The report is a snapshot of Wiltshire Police on 31 March 2021. For the second year in a row, the Force employed more female than male police officers and police staff in total - 1,212 women and 1,151 men.
The report shows the percentage difference between the mean (average) and median (mid-point) hourly earnings of men and women in the workplace. Men and women are paid equally at every grade in Wiltshire Police. However, if one gender dominates higher pay graded roles, this results in a gender pay gap.
The median gender pay gap was 9.56% as of 31 March 2021, a slight increase of 0.47% from the 2020 report, mainly due to more male officers joining in previous years who are now past their probation and starting to receive annual pay scale increments.

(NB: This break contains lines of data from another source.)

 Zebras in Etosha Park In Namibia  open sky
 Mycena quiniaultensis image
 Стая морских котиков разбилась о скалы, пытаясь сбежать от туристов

This is the second year the Office of the Police and Crime Commissioner (OPCC) has published its own breakdown. Due to its organisational size, PCC Philip Wilkinson isn’t required to publish his office figures, but he believes it is important to publish employee data to ensure transparency and accountability to the county’s residents.
The OPCC directly employs 26 members of staff and 65 employees in total, including those working in departments employed and hosted by the PCC: finance, facilities legal, corporate communications and the service recovery team.
The report shows the OPCC employs more females than males – with 49 females (an increase of eight on the previous year) and 16 males – with women dominating the lowest two pay banding quartiles.
It also shows that in the third pay banding, 68.7% are female with 31.25% male and where there are few senior roles in the highest pay banding quartiles, males and females are equally split.